Sunday, October 5, 2014

Blog Post 6: The relationship between Catullus and Lesbia

In the poem 2A, Catullus talks about the sparrow, which his lover Lesbia loved very much. He depicts the image of Lesbia playing with the sparrow beautifully using positive, warm words such as “precious darling of my sweetheart,” “held fast in her bosom,” and “she love to provoke.” In the second part of the poem, where Catullus talks about his point of view, we can see why he talks about this sparrow so much. He recognizes this sparrow not because it is just a cute little sparrow but because it’s a sparrow that may bring “just a smidgin of fun and games and comfort of the pain she’s feeling.” He wants her (or both himself and her) to be relieved from the “spirit’s black depression” as he says in the final lines of the poem: “…how I wish I could sport with you as she does, bring some relief to the spirit’s black depression!” The reason for the “pain she’s feeling” or the “black depression” may be that their relationship is an unhealthy relationship between a man and a married woman.

In the poem 3, Catullus describes the death of the sparrow in detail. He puts a decent effort to make the death of the sparrow into a poem, using fancy phrases such as “Now he’s traveling on that dark-shroud journey whence … non of the departed ever returns.” Again, why does he care so much about the death of a sparrow?
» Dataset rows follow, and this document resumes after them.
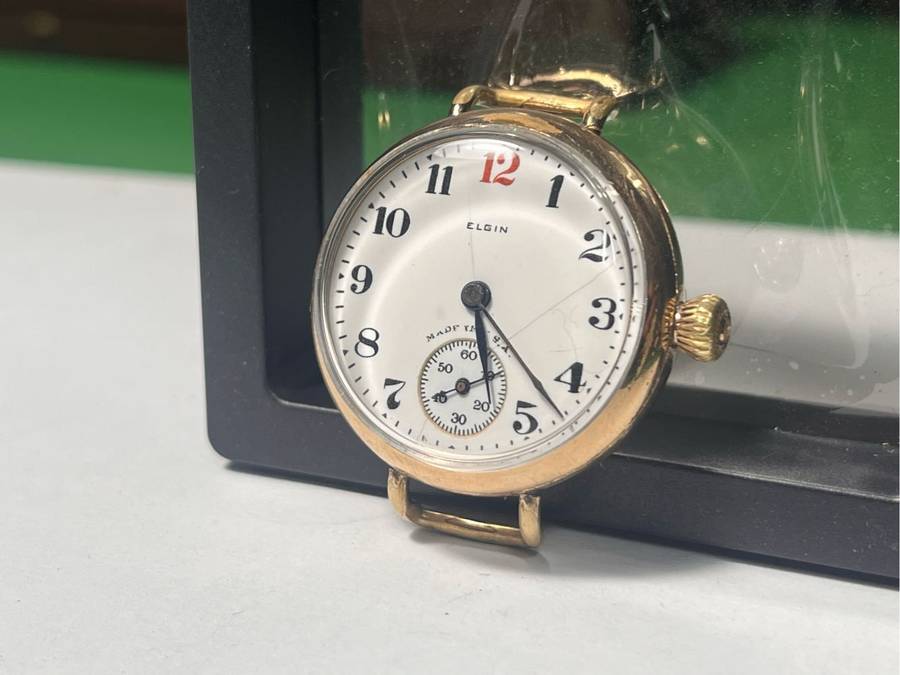 ELGIN GENTS TRENCH WATCH!!ANTIQUE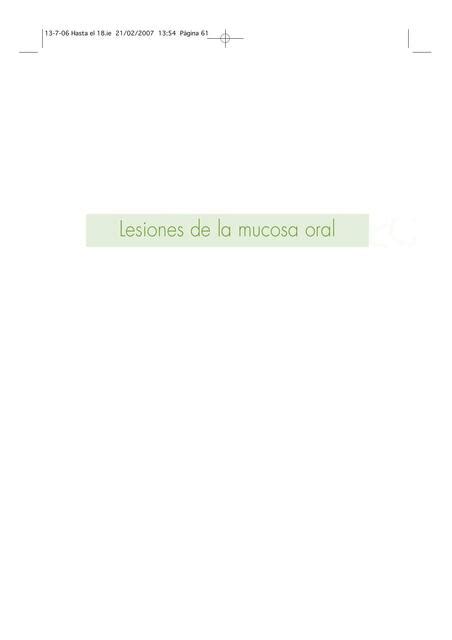 Lesiones De La Mucosa Oral Dentistas Del Mundo Udocz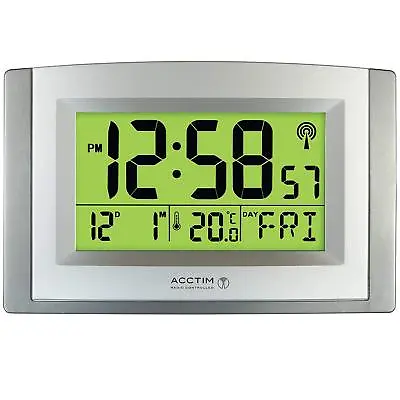 £36.95 • Buy Acctim Stratus Large Wall Desk Signal Radio Controlled Clock Smartlite Clock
It’s because this sparrow’s death makes his “sweetheart’s eyelids...sore and swollen red from all her weeping.” He shows a great deal of distress in this poem but it’s toward the sadness that Lesbia is going through, rather than the death of the sparrow. So this shows how much his emotions are affected by that of Lesbia and how much he loves her.
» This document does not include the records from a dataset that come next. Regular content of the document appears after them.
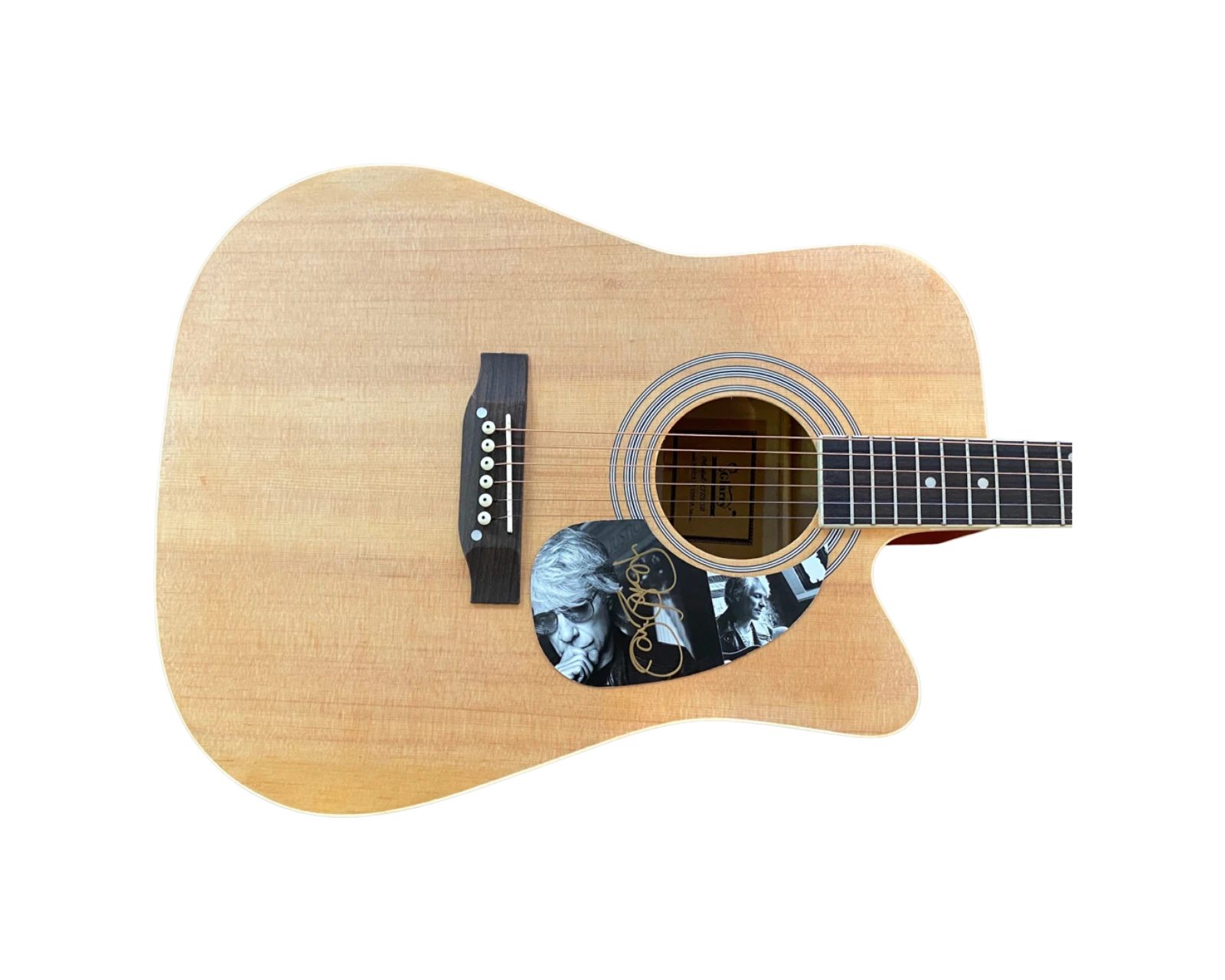 Jon Bon Jovi Signed Autographed Full Size Acoustic Guitar Bon Jovi ACOA COA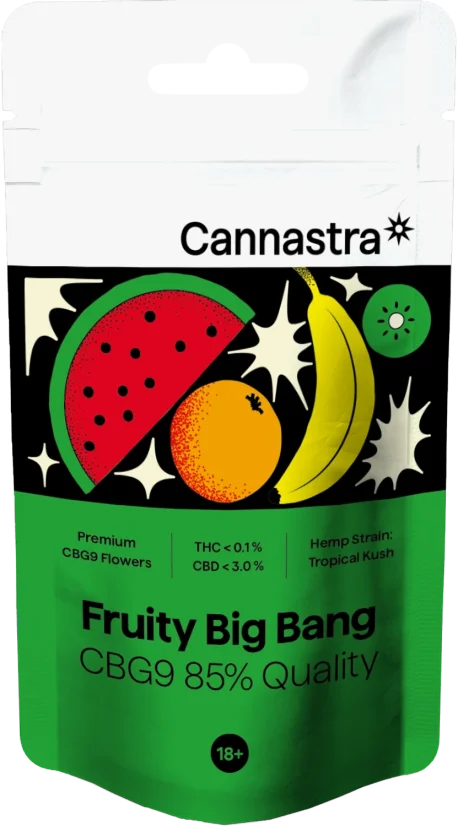 Cannastra CBG9 Flower Fruity Big Bang, CBG9 85% quality, 1g - 100g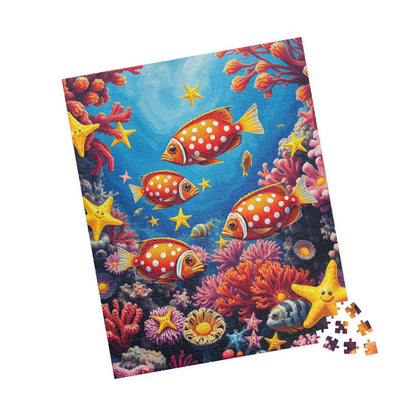 Ocean Puzzle with Tropical Fish, Colorful Underwater Jigsaw Puzzle for Adult, Fun Family Activity, Creative Birthday Holiday Gift for Friend Puzzle The Puzzle Chest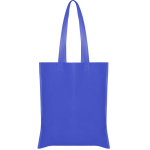 Sac non-tissé avec longues anses thermoscellées et résistance 6kg couleur bleu électrique deuxième vue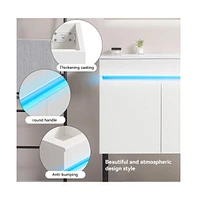 Slickblue 30-Inch Bathroom Vanity with Sink & Radar Sensing Light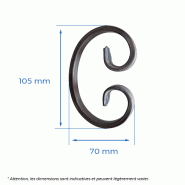 Volute H.105 x L.70mm - plat 12 x 6mm_1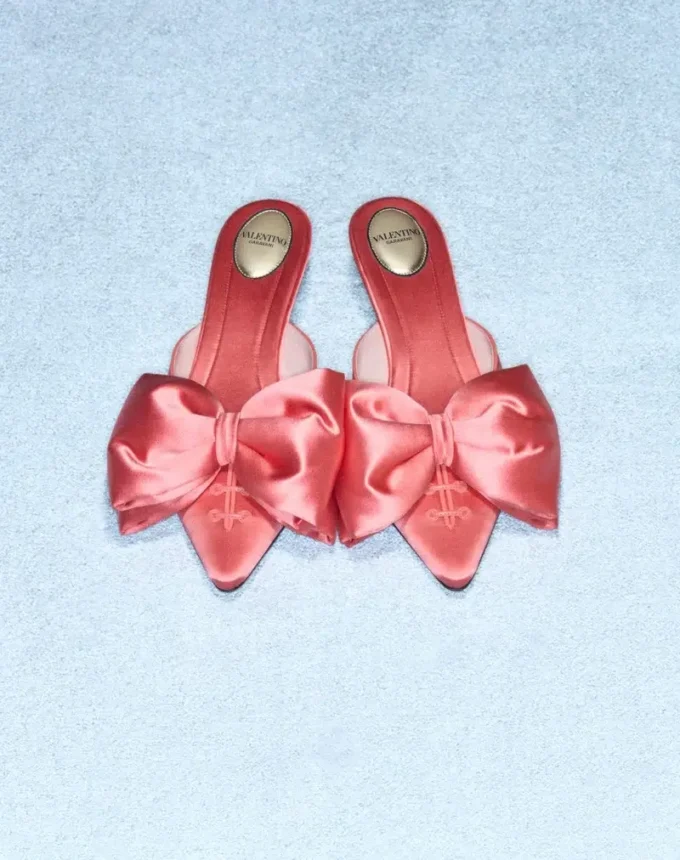 Yolande Satin Mule 45MM Yolande Satin Mule 45MM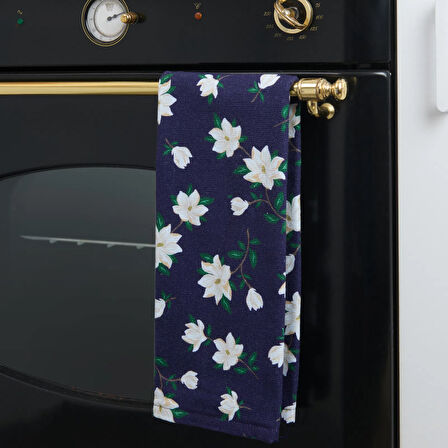 Soft Daisy Mutfak Havlusu - Lacivert - 40x66 cm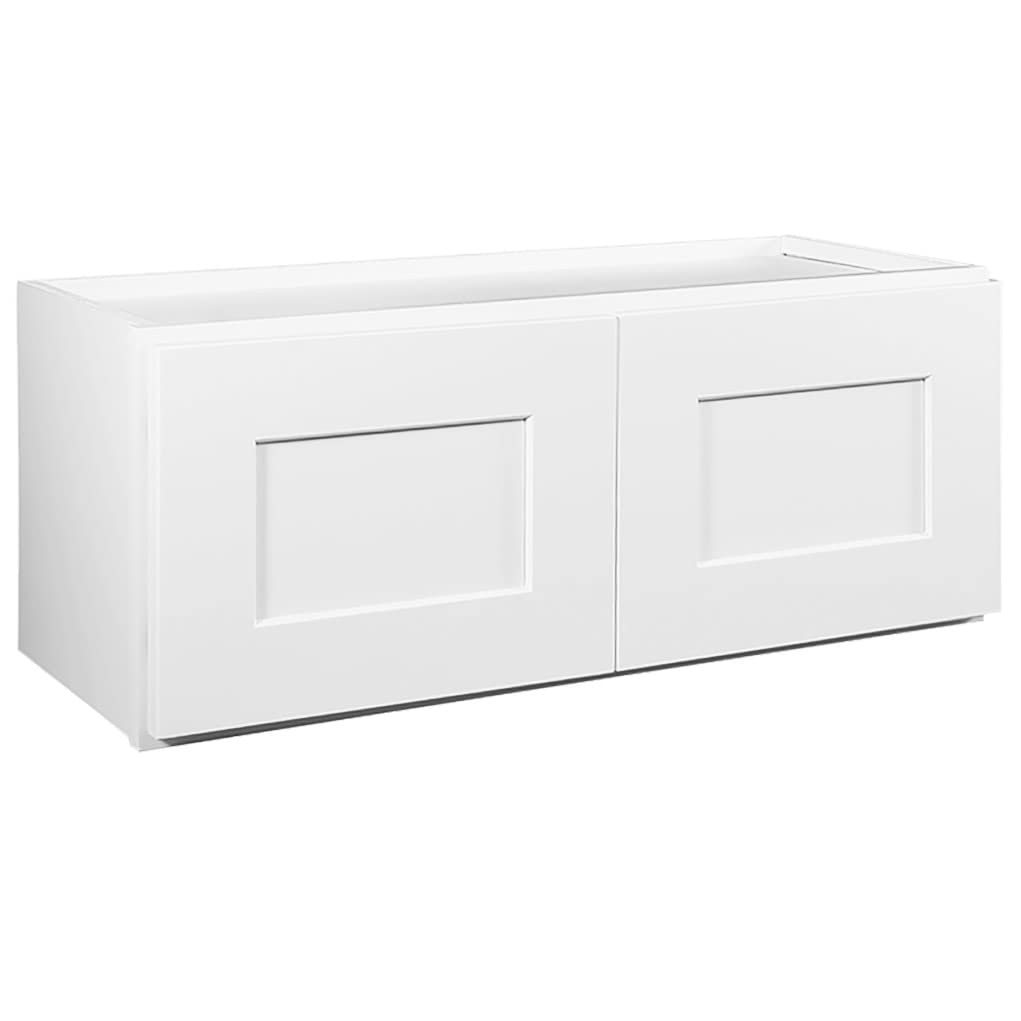 White Shaker Style Bridge Cabinet P48405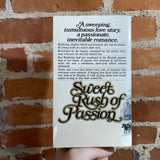 Sweet Rush of Passion - Lynn Lowery - 1978 Bantam Books Paperback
In the poem 8, Catullus talks to himself not to be foolish anymore with the relationship with Lesbia but be strong and “hang tough.” Apparently, Catullus loved Lesbia more than she loved him. He describes Lesbia as “that girl you loved as no one shall again be loved,” showing his passionate love toward her, but “things that [Catullus] wanted, …she didn’t quite turn down.” Catullus is the one who sacrifices to keep the relationship going as we can see where he says, “she’s said No, so you too, feeble wretch, say No.” He recognizes that trying to keep their relationship is a stupid and foolish thing and tries to remind himself to “keep [his] mind mad up, [and] hang tough,” after saying “goodbye” to his sweetheart. He describes that for him, “every day the sun shore bright” when he was with her, implying that at least, he considers their memories as bright and beautiful thing to remember.
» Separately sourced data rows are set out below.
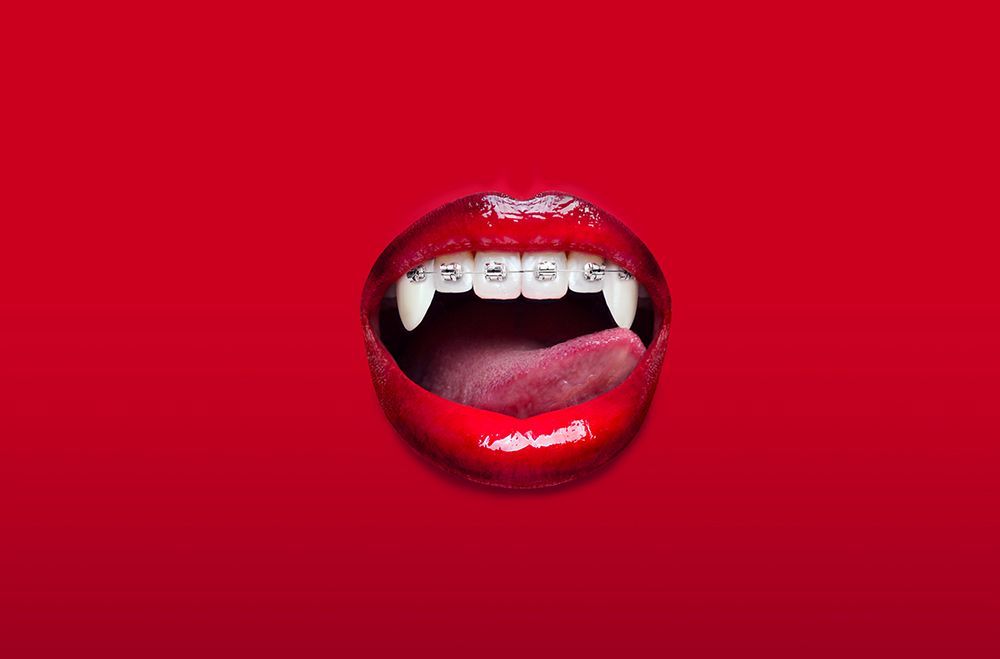 Vampire braces art print by Artem Pozdniakov for $57.95 CAD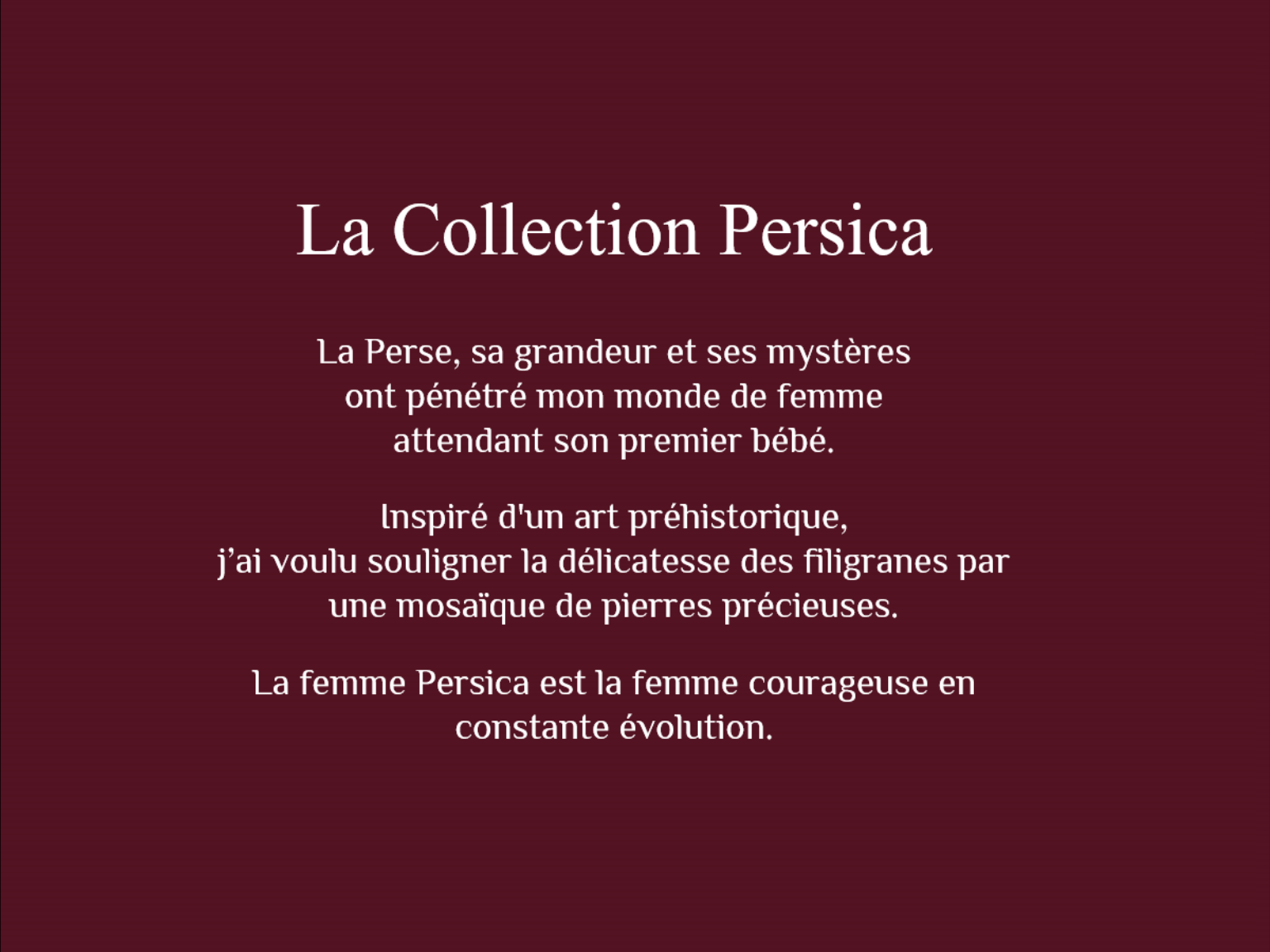 La collection persica 12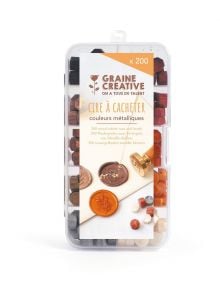 Восък за печати Graine Creative в металически цветове - Graine Creative - Graine Creative - Жена, Момиче - 3532435184019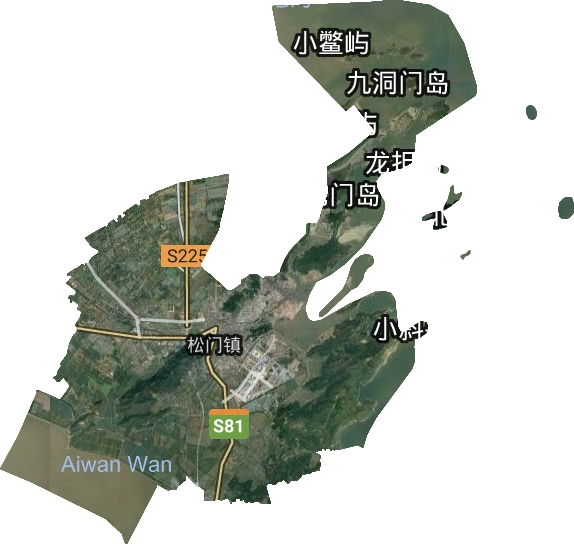 松门镇卫星图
This reminiscence of their past is no longer found in the poem11, where Catullus leaves a short and blunt little message to Lesbia. Here, he seems to be much more bitter and firm in the way he criticizes Lesbia. He doesn’t care what she does in the future with three hundred men, “loving none truly.” Here, he focuses more on his own feeling rather than Lesbia’s feeling as we could see in the first few poems. He describes how his love was forgotten and destroyed by Lesbia’s “fault” where he says “my passion, which through her fault lies fallen like some flower at the field’s edge, after the passing ploughshare’s cut a path through it.” We can see that at this point, he got over with her, and he can clearly see how much he got hurt from the relationship with Lesbia.